Dispatch from SXU, the Santa Rosa Route 66 Airport, Santa Rosa, New Mexico: A 6-foot-long white shelf in my hangar displays last season’s trophies. Wood, brass, shining gold, marble and crystal. Each one unique and different, just like the air races where I won them.
Sure, it’s a bragging wall, but it’s more than that. It’s a tangible, 3-D scrapbook of the greatest year of my life.
Now, I’m getting ready to do it again. This year is going to be bigger and better than last year, and once again you’ve got a seat in my cockpit for the whole adventure. Buckle up. We’re going to the races.
Air Racing 101
I’m an air racer. Boy, I never get tired of saying that! But you know what? You can be an air racer, too. Get in your airplane and join me out on the race course this season.
What? What’s that you say? Your plane is too humble to race? Nonsense.
My plane, Race 53, is a 1947 Ercoupe. That’s about as humble as it gets.
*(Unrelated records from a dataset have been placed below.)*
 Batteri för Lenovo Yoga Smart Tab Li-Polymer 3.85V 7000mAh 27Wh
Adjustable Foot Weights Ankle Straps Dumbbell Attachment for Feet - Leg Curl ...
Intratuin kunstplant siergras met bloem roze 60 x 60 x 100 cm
But she’s a 2016 second-place National Champion in the Sport Air Racing League (SARL), the race organization that lives up to its motto of “Racing For the Rest of Us” by welcoming any and all propeller-driven airplanes.
How on earth did an Ercoupe score so highly?
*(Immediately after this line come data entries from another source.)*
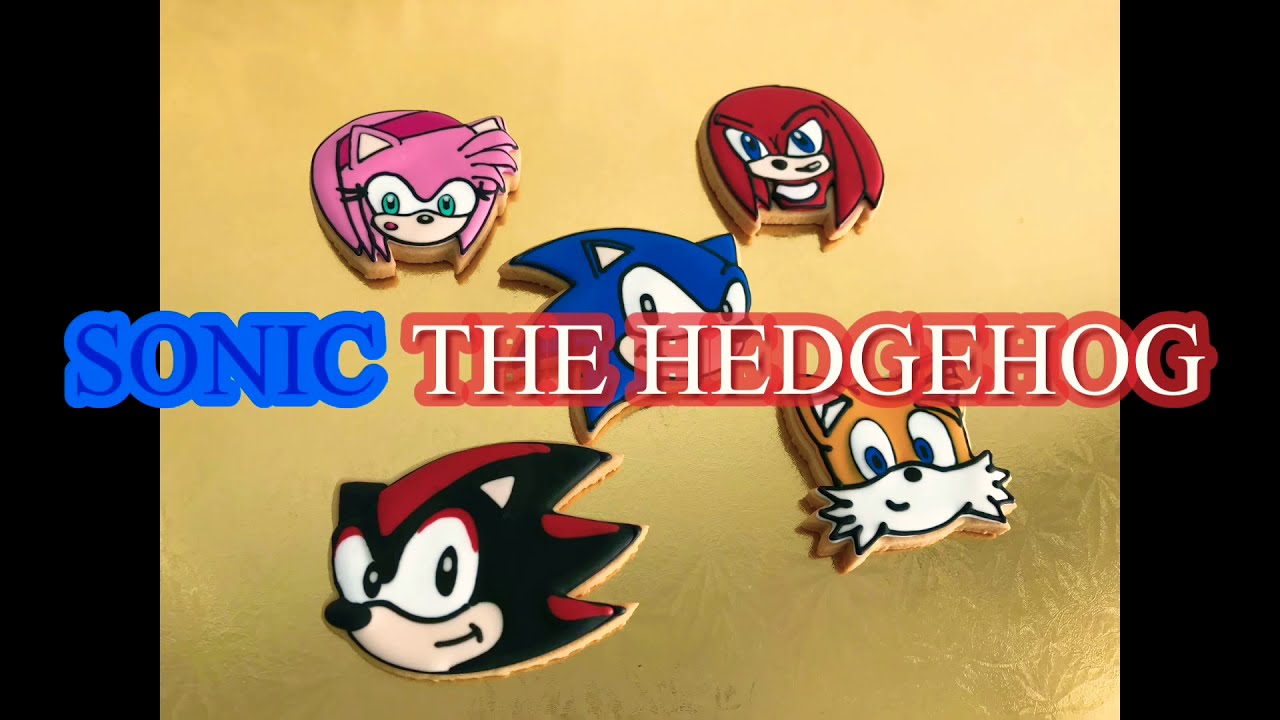 Sonic boom cookies | cookie decorating techniques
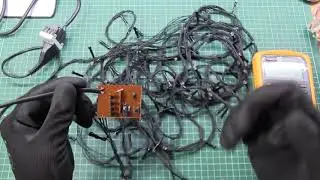 Reparar luces de navidad encontrar el problema muy facil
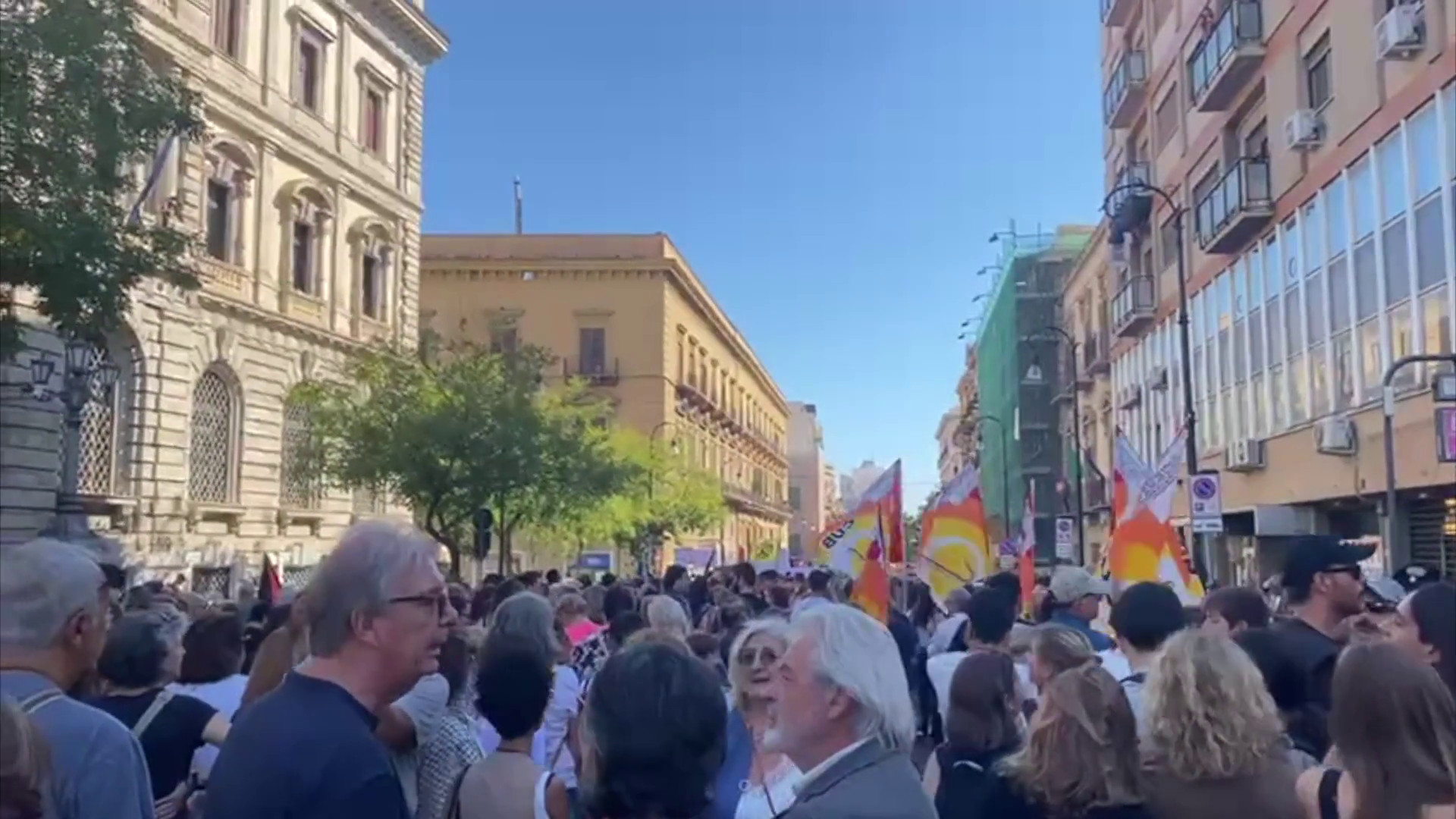 Manifestazione pro Palestina a Palermo, le immagini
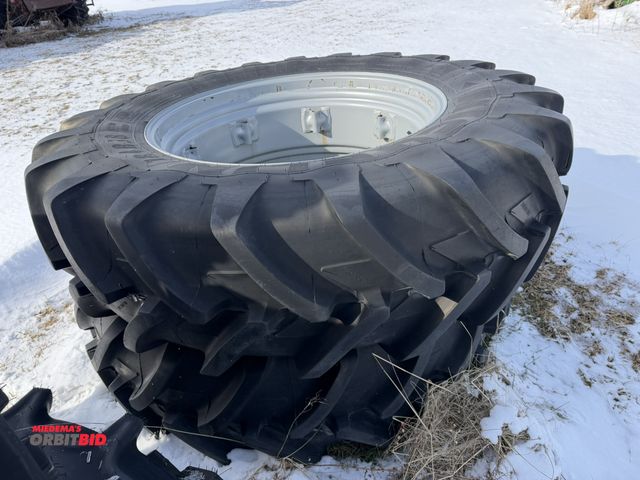 Lot 1-11611 - (1) set of Michelin 18.4R38 clamp on duals.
Well, with SARL racing, there are two ways to win. At each race you compete against planes similar to your own out on the course — but that’s only half of it. Your ranking at each race also gives you points toward the Season Champion title. The more you race, even if you’re not making top marks, the more points you get.
Danger in the air
So is this whole air racing thing dangerous? Not especially. This isn’t a Reno knife fight with all the planes head-to-head rounding the pylons like a latter-day chariot race.
In SARL we launch in speed order, so it’s generally follow the leader with a minimum of passing. Planes are timed individually from takeoff to checkered flag. The races are day VFR and each pilot chooses his or her altitude, so you can fly as high or as low as your skill level and the FARs allow.
So, really, it’s no more dangerous than any other sort of flying, and there’s only one race that requires a wife waiver.
But you have to expect that kind of paperwork from large litigation-skittish organizations.
When I took the form to Debbie, my wife of 28 years (who often comes to the races with me), I shuffled my feet, looked to the side and said, “Uhhhh… I have something to confess… I’ve been secretly air racing on the side.”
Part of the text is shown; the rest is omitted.